Technical Framework: Systems and Practices

The introduction of networked systems in social history institutions dates back to the 1990s. In the wake of large-scale library automation, such institutions were eager to convert their card indexing systems or paper-based finding aids into electronic catalogs and to this end introduced specialist or standard collection management systems. Over time other databases were gradually brought in to supplement collection management systems. These allowed institutions to manage information about material of a single media-type, collection, project, or exhibition, particularly in the case of archival collections—for which item-level data has traditionally been scarce—and visual collections—for which descriptive standards remain scarce. It is notable that almost 50 percent of digital items slated for submission as part of the HOPE Social History Resource were described with idiosyncratic descriptive metadata; this included approximately 85 percent of the archival items. Likewise, not a single museum or visual descriptive standard was used by HOPE content providers.

In some cases, another layer has recently been added, as systems were brought in to manage a burgeoning supply of digitized content. In other cases, digital content sits on file servers under loose controls, from where it is pulled into descriptive databases or pushed directly to websites. These self-made, patch-work type information systems are now ubiquitous in the cultural heritage domain, and even more so in social history institutions where, with their relatively small-scale and heterogeneous collections, powerful enterprise management software have failed to take off.

The legacy of data structures and systems in use at social history institutions has not only led to an outdated and often expensive information architecture but also at times obstructed the introduction of best practices. Despite the widespread acceptance of library and archival descriptive standards (and respective XML schema) and emerging importance of preservation standards, legacy systems are often not easy to adapt. Those institutions depending on in-house or open source solutions often lack the technical and professional know-how to keep abreast of changing practice. Those using proprietary solutions are locked into data structures supported by service providers. In all cases, strong institutional habits bind these organizations firmly to existing practice—no matter how outdated.

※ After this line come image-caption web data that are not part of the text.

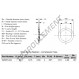 Rondelle ondulée - type compression - WSW-CT-67.5-55-0.60-4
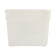 Parade Plastics Square 2 Quart Natural Storage Container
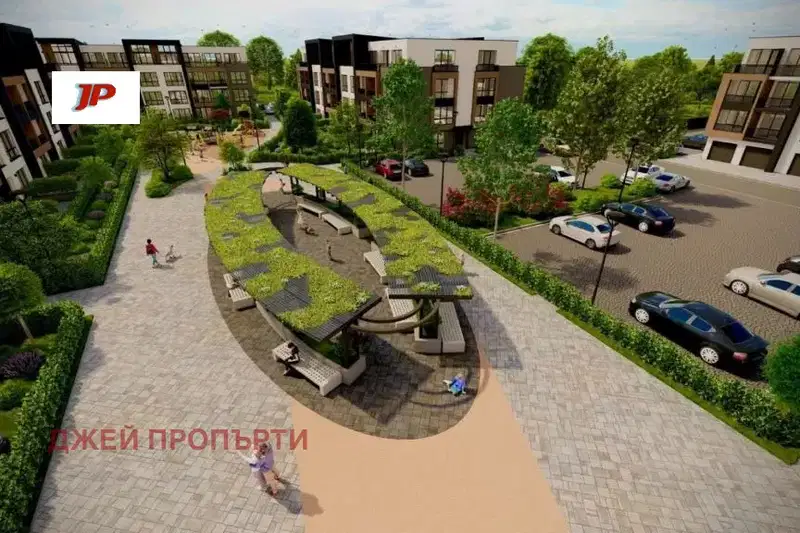 Тристаен апартамент с паркомясто в Остромила, Пловдив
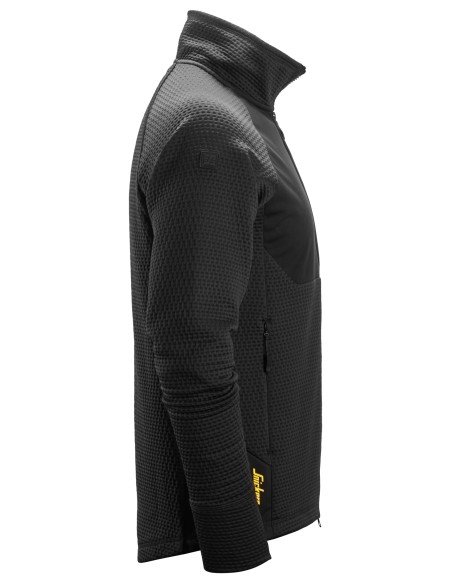 Snickers Workwear, 8404, Black - Jacheta midlayer calduroasa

It is therefore not surprising that none of the HOPE partner institutions have managed to implement a fully-functional preservation repository along the lines of the Open Archival Information System (OAIS) model. (In fact, one of the clearest conclusions that can be drawn from the survey data is a general lack of consensus over the concept of 'digital repository'.) On a broad scale, but also within individual institutions, an interesting mix of proprietary, open source, and custom built solutions co-exist. Manual processing and workarounds are often used to compensate for true integrated system architecture.

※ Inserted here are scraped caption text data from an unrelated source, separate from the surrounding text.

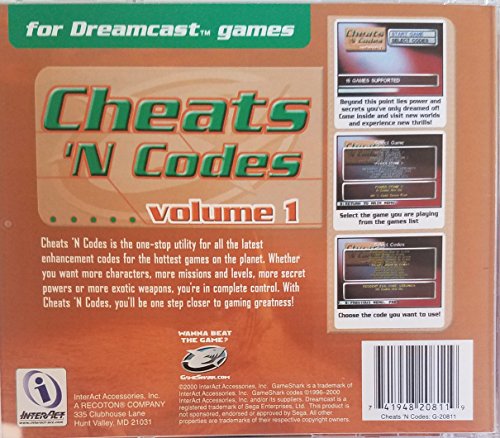 Увоз на Овозможувач за PAL и јапонски игри и игри со ајкули измамници N кодови за игри на Sega Dreamcast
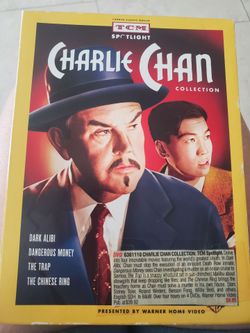 Charlie Chan 4 DVD  set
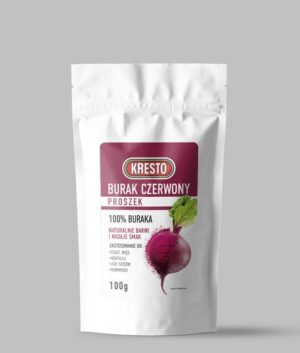 Burak czerwony proszek 100% warzywa 100g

Digital Object Management Systems

Only three HOPE content providers have full-scale digital repositories: FMS's Westbrook Fortis, SSA's IMS Server-Client, and VGA's M-Box. All three are proprietary solutions to some extent. FMS manage their development in house, while SSA and VGA depend on service providers to maintain and develop their systems. While none of the three systems supports the full range of preservation functions, all include some ingest, storage, and access functions (validation of size and/or formats, fixity checks, derivative creation, access controls, and collection and storage of technical, structural, and provenance metadata). More surprising perhaps, all support descriptive metadata internal to the system, rather than linking to existing collection management systems—as all three institutions are archives, granular metadata may not be available elsewhere. The fact that all three solutions are proprietary may limit their ability interoperate with external services. Currently, none of them do. In the case of Westbrook Fortis, data is also 'locked in' to a proprietary file format.

Other institutions such as IISG, FES (Library), and OSA have experimented with open source digital repository software, Fedora, MyCoRe and D-Space respectively, for special projects and non-HOPE collections—in the case OSA and IISG to handle born-digital content. In all cases, the software have been configured to handle some ingest, archival storage, and data management functions. Interestingly, none of these institutions has yet developed these solutions to manage their entire collections. The majority of HOPE content providers continue to store digital content on file servers or in collection management systems. To the question "If no digital object repository is currently in place at your organization, how do you store and manage your digital content?" responses were more or less variations on the same theme. Six content providers explicitly mentioned storing content on file servers; of these three mentioned links from metadata records. Two store digital content directly in its collection management system. Seven content providers routinely back up digital masters to tape, storage devices, or servers; several depend on a larger umbrella organization to perform this task.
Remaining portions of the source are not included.